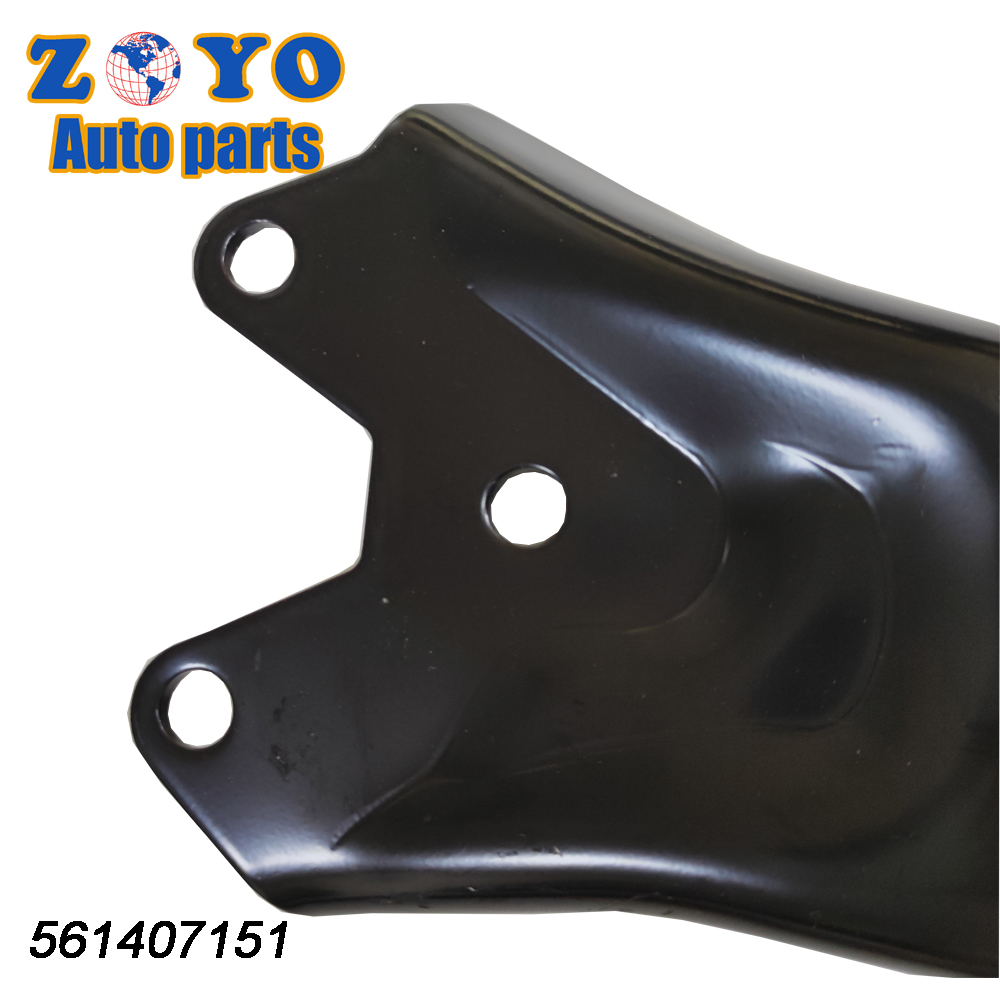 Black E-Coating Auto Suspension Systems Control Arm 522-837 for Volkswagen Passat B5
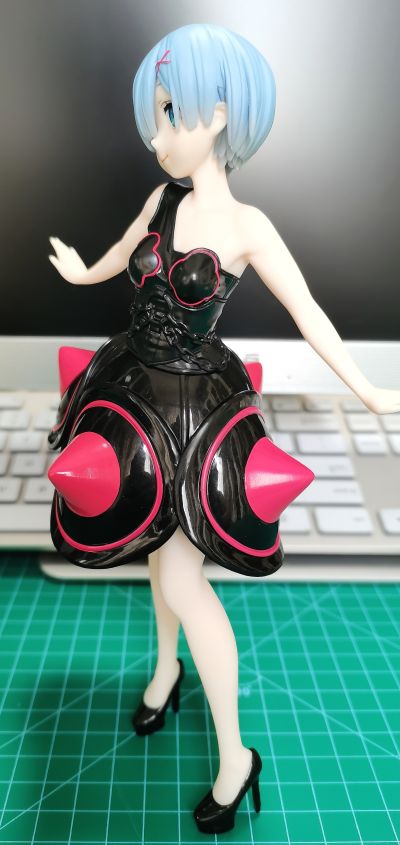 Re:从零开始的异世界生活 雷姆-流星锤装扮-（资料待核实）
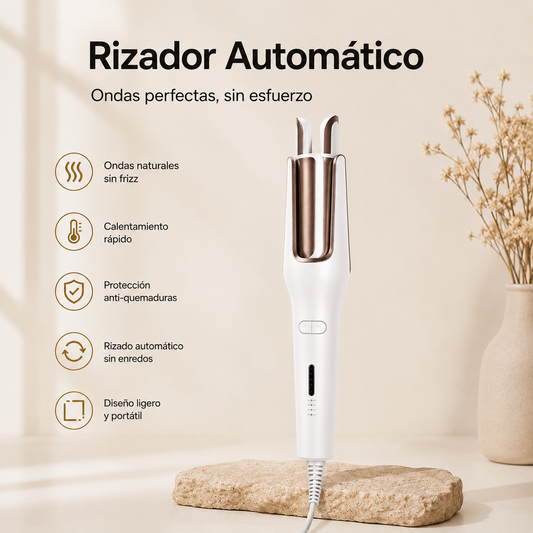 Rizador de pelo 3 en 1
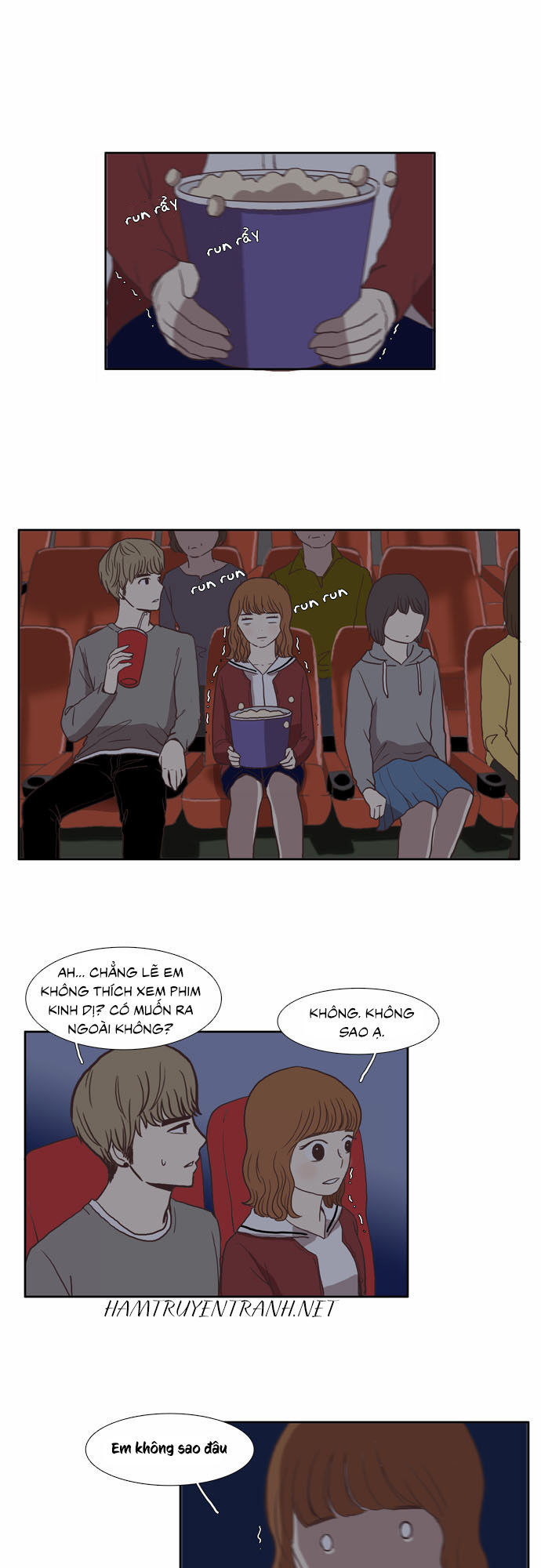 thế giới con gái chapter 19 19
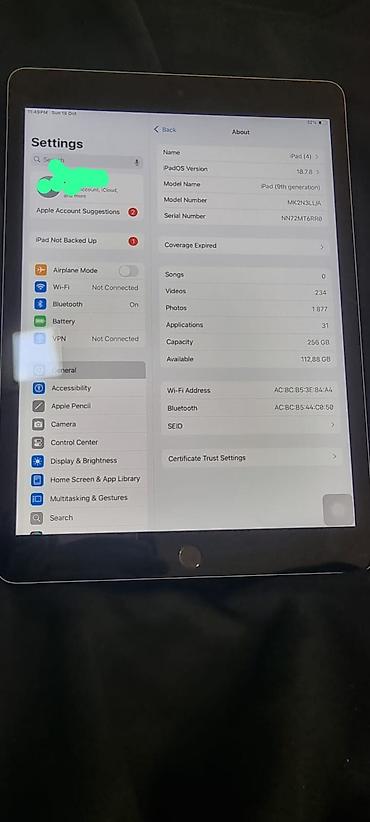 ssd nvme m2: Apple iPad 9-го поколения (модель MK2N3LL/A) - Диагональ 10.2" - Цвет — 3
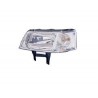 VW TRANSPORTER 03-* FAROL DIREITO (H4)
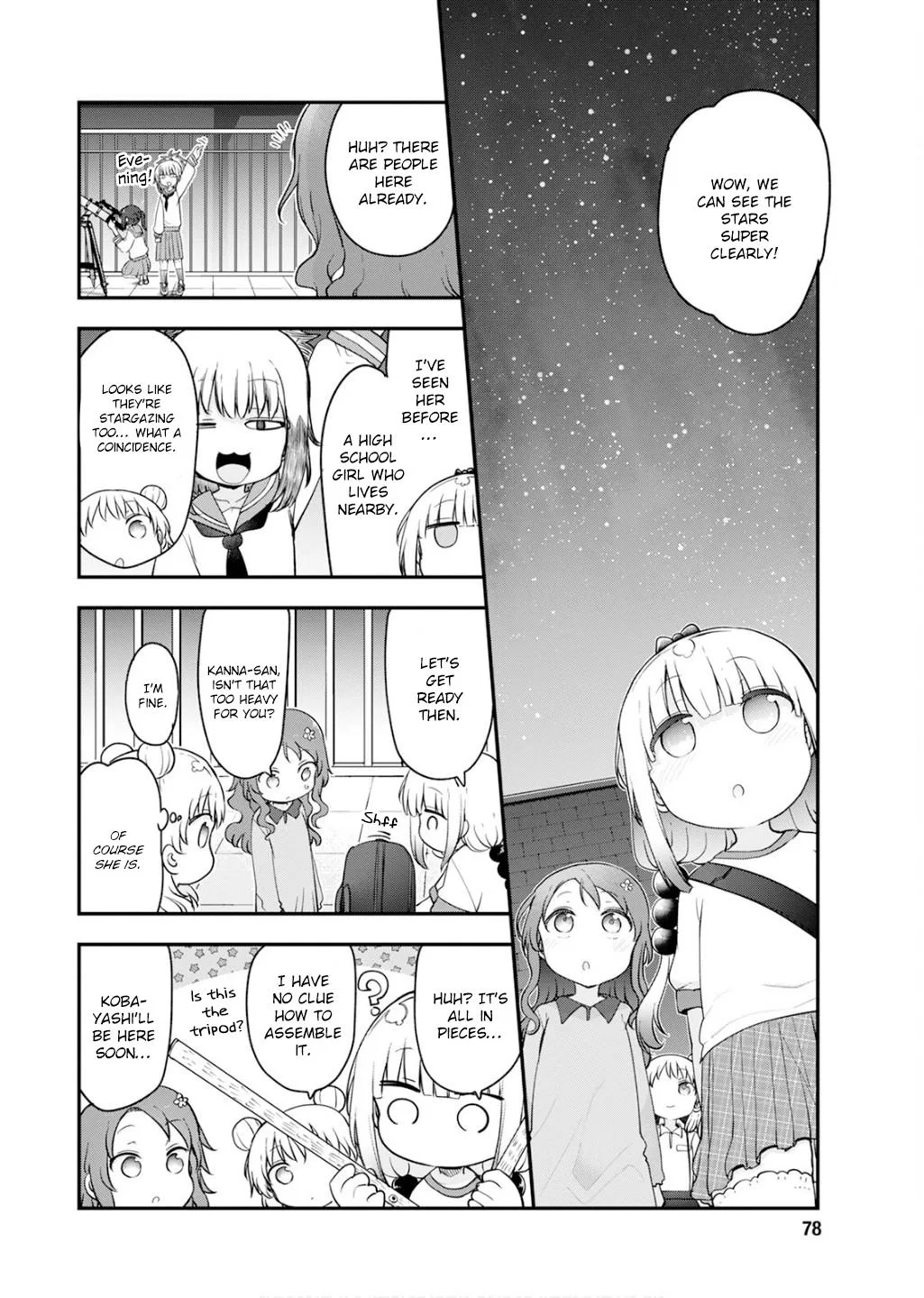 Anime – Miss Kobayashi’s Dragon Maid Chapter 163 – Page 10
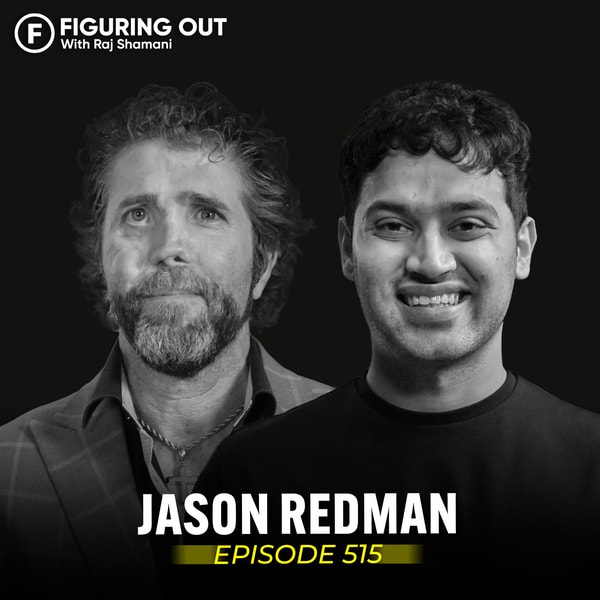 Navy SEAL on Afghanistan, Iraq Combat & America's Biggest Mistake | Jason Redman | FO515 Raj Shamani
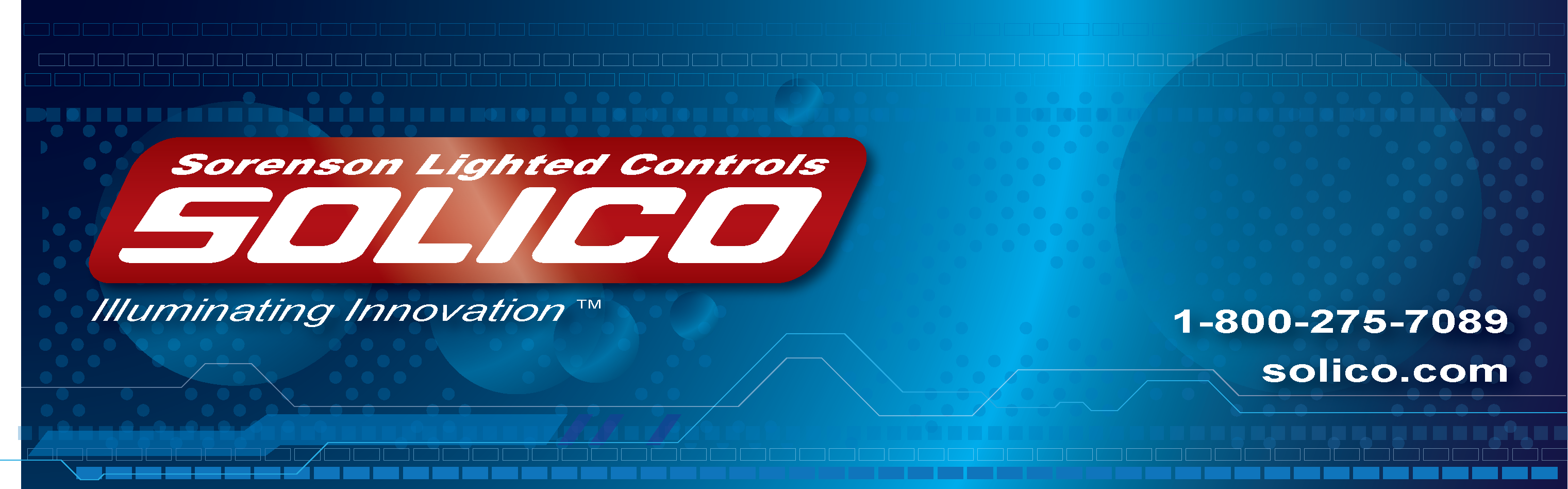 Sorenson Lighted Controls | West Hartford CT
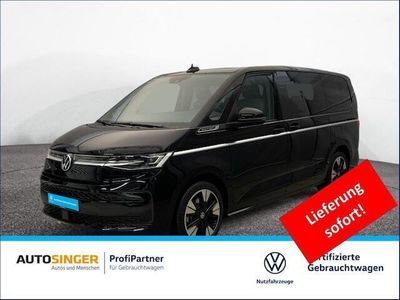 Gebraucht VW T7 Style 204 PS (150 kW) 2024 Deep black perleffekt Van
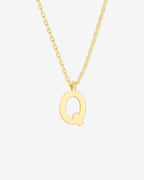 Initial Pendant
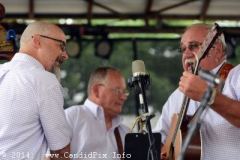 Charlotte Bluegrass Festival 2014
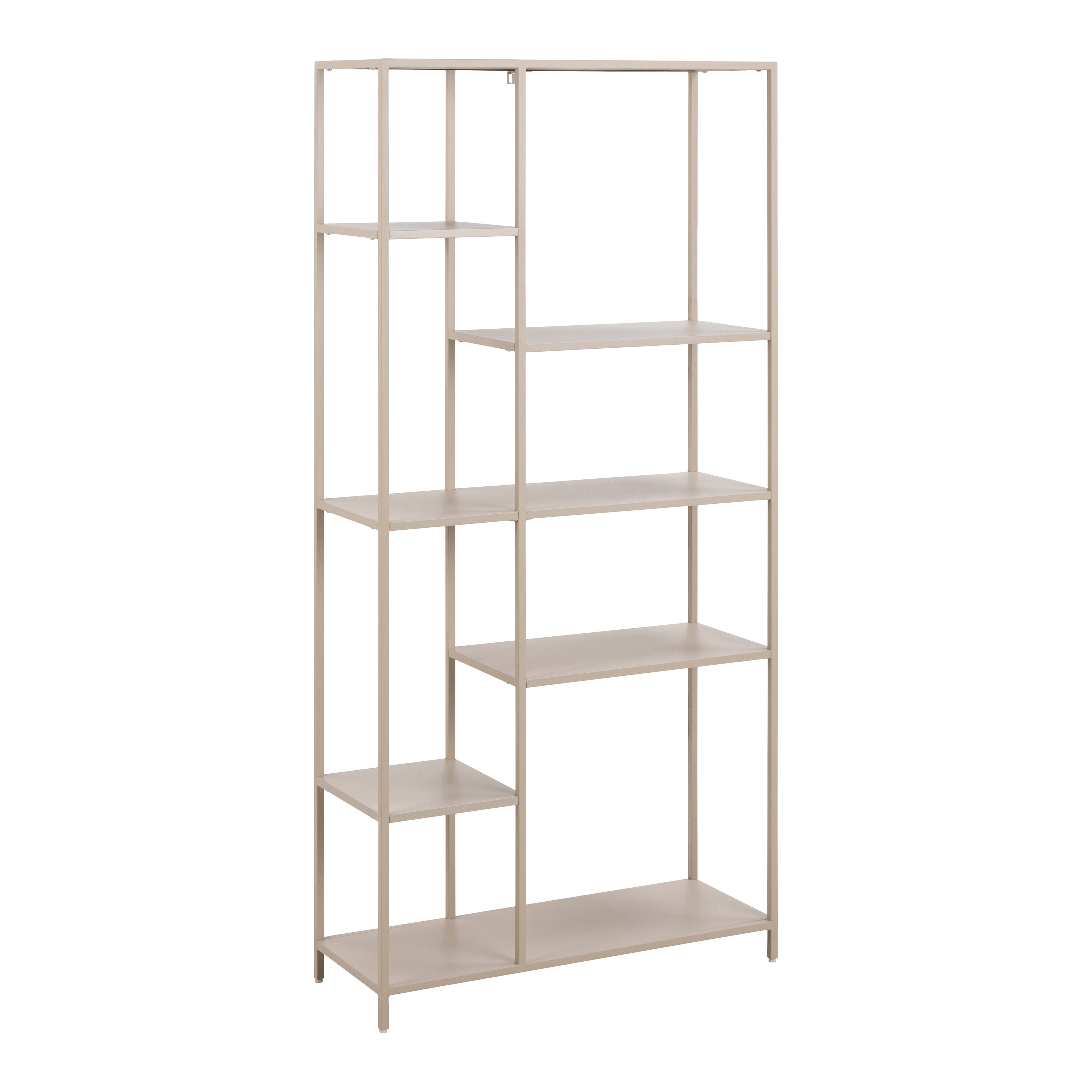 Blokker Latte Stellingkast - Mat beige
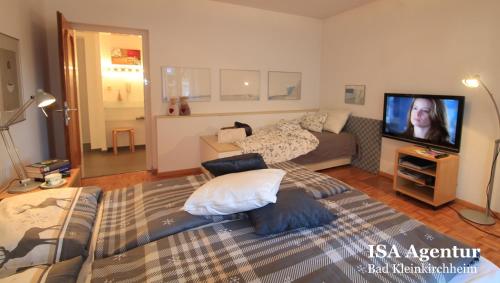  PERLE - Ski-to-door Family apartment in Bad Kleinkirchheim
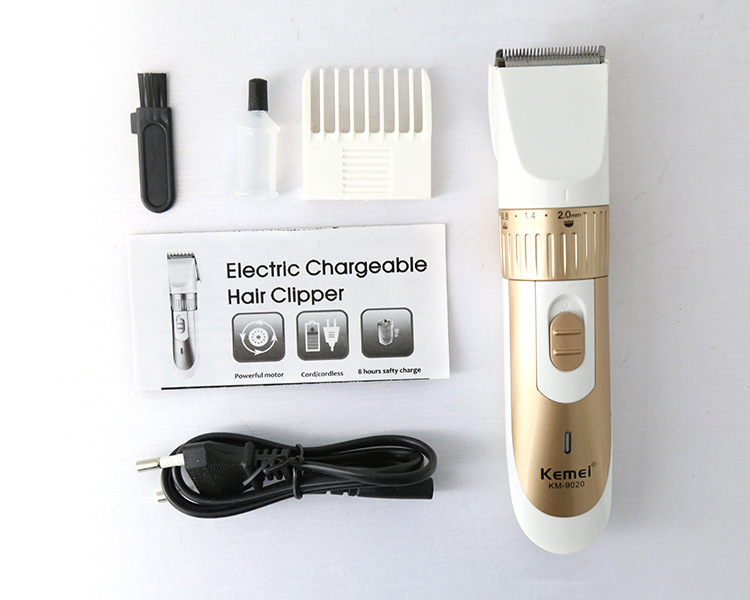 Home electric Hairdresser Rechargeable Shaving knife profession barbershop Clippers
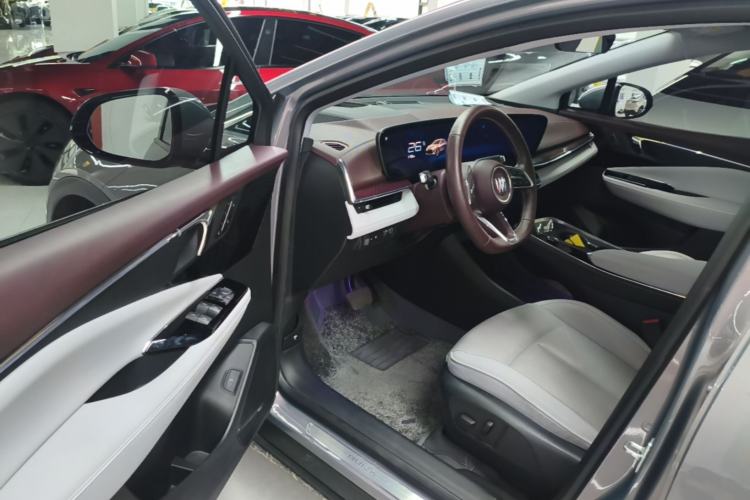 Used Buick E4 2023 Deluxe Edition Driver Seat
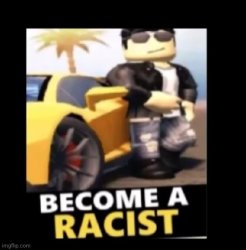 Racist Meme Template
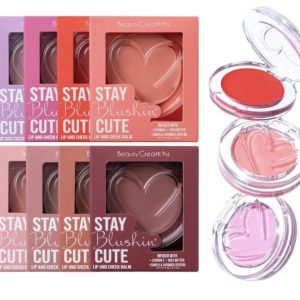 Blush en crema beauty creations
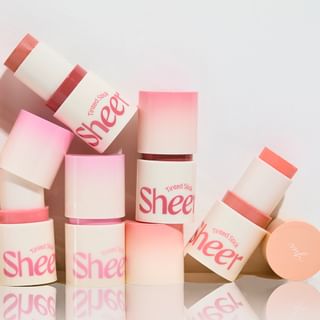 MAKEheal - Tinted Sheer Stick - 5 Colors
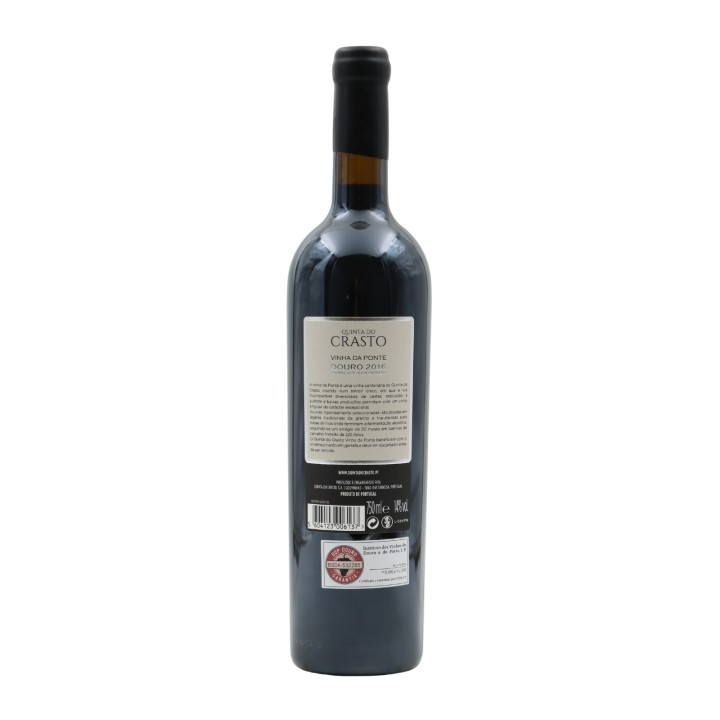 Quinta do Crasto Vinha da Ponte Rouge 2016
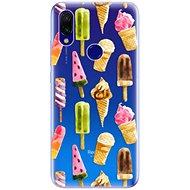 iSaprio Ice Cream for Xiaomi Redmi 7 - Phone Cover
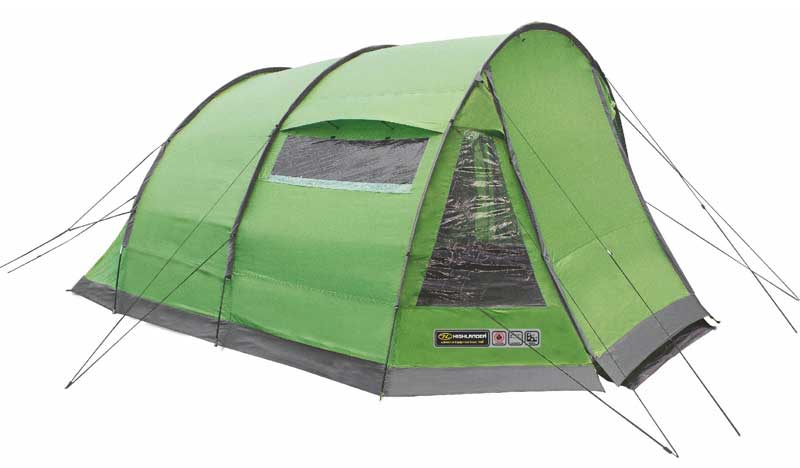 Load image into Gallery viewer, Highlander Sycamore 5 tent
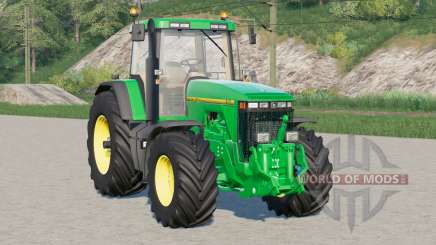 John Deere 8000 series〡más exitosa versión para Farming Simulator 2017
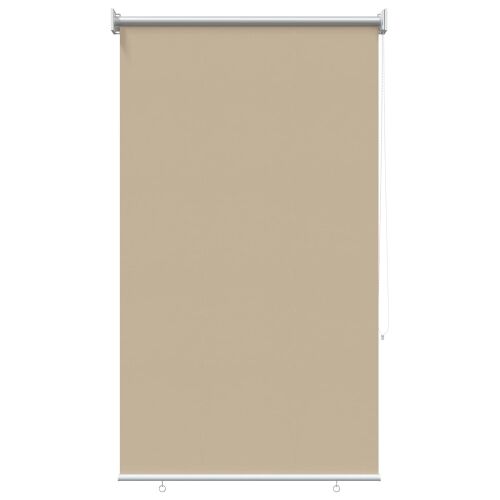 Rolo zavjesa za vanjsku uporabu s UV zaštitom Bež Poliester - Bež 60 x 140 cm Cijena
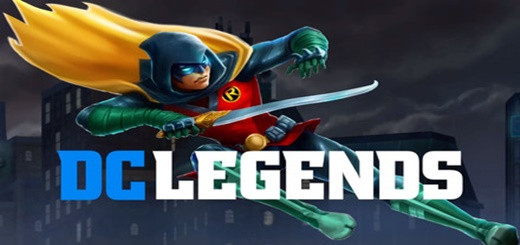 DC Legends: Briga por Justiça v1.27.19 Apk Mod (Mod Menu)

---

Images should not appear in the copy; retype the listing above exactly.

 Black E-Coating Auto Suspension Systems Control Arm 522-837 for Volkswagen Passat B5
 Re:从零开始的异世界生活 雷姆-流星锤装扮-（资料待核实）
 Rizador de pelo 3 en 1
 thế giới con gái chapter 19 19
 ssd nvme m2: Apple iPad 9-го поколения (модель MK2N3LL/A) - Диагональ 10.2" - Цвет — 3
 VW TRANSPORTER 03-* FAROL DIREITO (H4)
 Anime – Miss Kobayashi’s Dragon Maid Chapter 163 – Page 10
 Navy SEAL on Afghanistan, Iraq Combat & America's Biggest Mistake | Jason Redman | FO515 Raj Shamani
 Sorenson Lighted Controls | West Hartford CT
 Gebraucht VW T7 Style 204 PS (150 kW) 2024 Deep black perleffekt Van
 Initial Pendant
 Charlotte Bluegrass Festival 2014
 Blokker Latte Stellingkast - Mat beige
  PERLE - Ski-to-door Family apartment in Bad Kleinkirchheim
 Home electric Hairdresser Rechargeable Shaving knife profession barbershop Clippers
 Used Buick E4 2023 Deluxe Edition Driver Seat
 Racist Meme Template
 Blush en crema beauty creations
 MAKEheal - Tinted Sheer Stick - 5 Colors
 Quinta do Crasto Vinha da Ponte Rouge 2016
 iSaprio Ice Cream for Xiaomi Redmi 7 - Phone Cover
 Load image into Gallery viewer, Highlander Sycamore 5 tent
 John Deere 8000 series〡más exitosa versión para Farming Simulator 2017
 Rolo zavjesa za vanjsku uporabu s UV zaštitom Bež Poliester - Bež 60 x 140 cm Cijena
 DC Legends: Briga por Justiça v1.27.19 Apk Mod (Mod Menu)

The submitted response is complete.